Abraham Lincoln to James M. Ruggles, 28 October 18561
J. M. Ruggles, Esq. [Esquire]Dear Sir:
I write this to appologise for not being with you to-day–2 I was forced off to Pike county, where I spoke yesterday, and I have just returned–3 Be assured I could not help it.
Yours trulyA. Lincoln4
1Abraham Lincoln wrote and signed this letter.
2No letter from James M. Ruggles to which this is a response has been located. Ruggles was active in the nascent Illinois Republican Party, drafting the party’s first platform in 1856. Lincoln had presumably been asked either by letter or in person to speak at a political meeting in Mason County on October 28, 1856. From July 1856 onwards, Abraham Lincoln gave over fifty speeches across Illinois in support of the presidential campaign of John C. Fremont and to rally the disparate elements of the emerging Republican Party. See the 1856 Federal Election.
The Fremont Club of Mason County had held a meeting in Havana on October 2, 1856, at which William Kellogg, the Republican candidate for the U.S. House of Representatives for the Fourth Illinois Congressional District, gave a speech.

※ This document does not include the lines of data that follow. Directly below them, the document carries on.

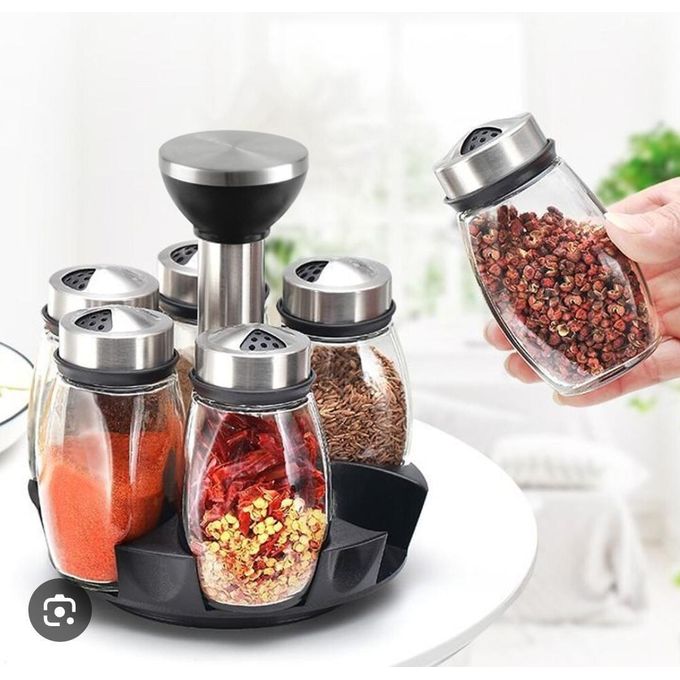 7-Piece Rotating Spice Rack Set – 6×100ml Spice Jars with Stand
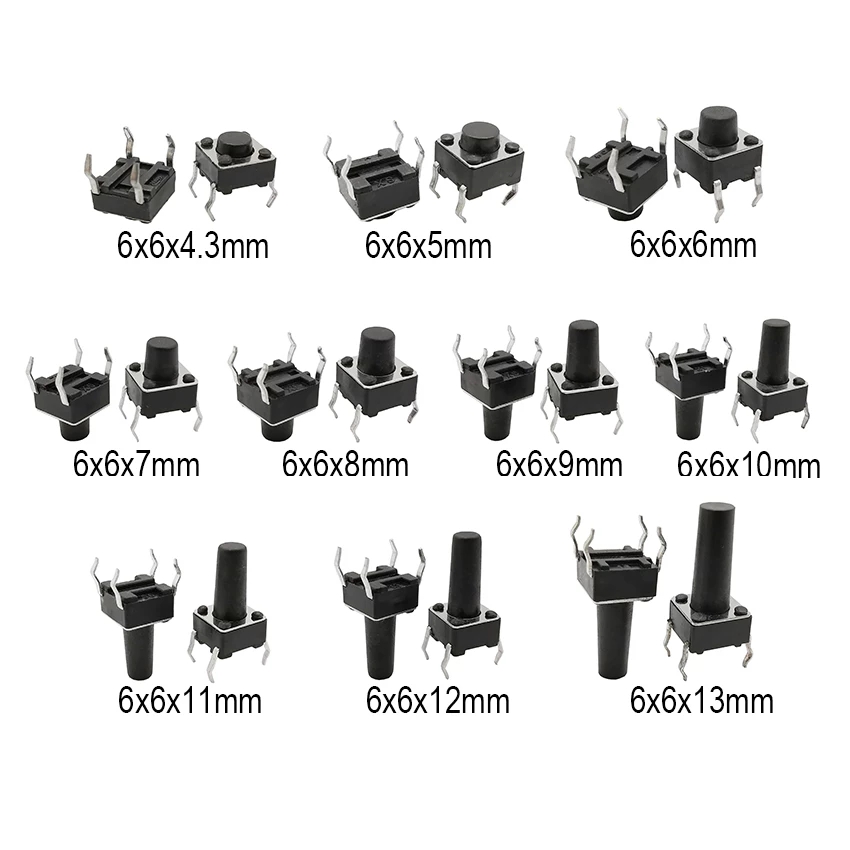Commutateur SMD à réinitialisation automatique DIP 4 broches, panneau PCB momentané 6x6x4.3/5/6/7/8/9/10/11/12/13MM 6x6mm, 50 pièces mini bouton-poussoir Tactile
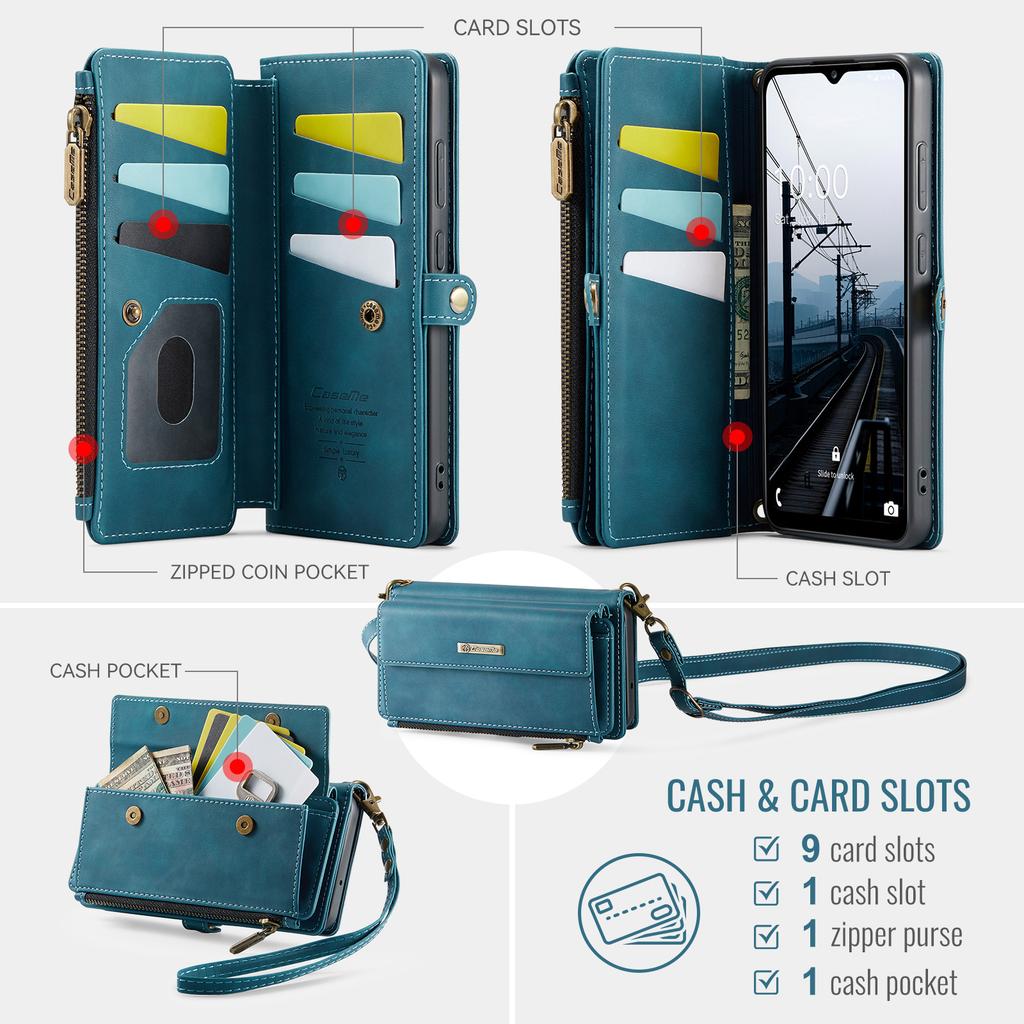 For Samsung Galaxy A52 5G/Galaxy A52 4G Case CASEME C39 RFID Blocking Zipper Wallet Stand Leather Cover with Strap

Kellogg and his Democratic opponent, James W. Davidson, had agreed at that time to debate in Havana during court week. The act which placed Mason County Circuit Court in the Fifth Judicial Circuit of Illinois set the court’s fall term to begin on the fourth Monday in October, which in 1856 would have been October 27.
Despite the efforts of Republicans in Mason County, Fremont ultimately received only 17.2 percent of the vote in the county, coming in third behind Democrat James Buchanan who earned 47.4 percent of the vote, and American Party candidate Millard Fillmore who garnered 35.6 percent. Although Kellogg was the overall winner of the race for the U.S. House of Representatives with 51.1 percent of the vote compared to Davidson’s 45.7 percent, he performed poorly in Mason County, winning only 28.6 percent of the vote.
The History of Menard and Mason Counties, Illinois (Chicago: O. L. Baskin, 1879), 775; Michael Burlingame, Abraham Lincoln: A Life (Baltimore: The Johns Hopkins University Press, 2008), 1:425-33; Daily Illinois State Journal (Springfield), 9 October 1856, 2:4; “An Act to Regulate the Times of Holding Courts in the Fifth and Twelfth Judicial Circuits,” 22 June 1852, Laws of Illinois (1852), 177; The Lincoln Log: A Daily Chronology of the Life of Abraham Lincoln, 27 October 1856, http://www.thelincolnlog.org/Results.aspx?type=CalendarDay&day=1856-10-27; Howard W. Allen and Vincent A. Lacey, eds., Illinois Elections, 1818-1990 (Carbondale and Edwardsville: Southern Illinois University Press, 1992), 10, 136, 139.
3Lincoln addressed a Republican meeting in Pittsfield on October 27, 1856.
The Lincoln Log: A Daily Chronology of the Life of Abraham Lincoln, 27 October 1856, http://www.thelincolnlog.org/Results.aspx?type=CalendarDay&day=1856-10-27.
4No response to this letter has been located.

Autograph Letter Signed, 1 page(s), Box 5, Lincoln Collection, Abraham Lincoln Presidential Library and Museum (Springfield, IL).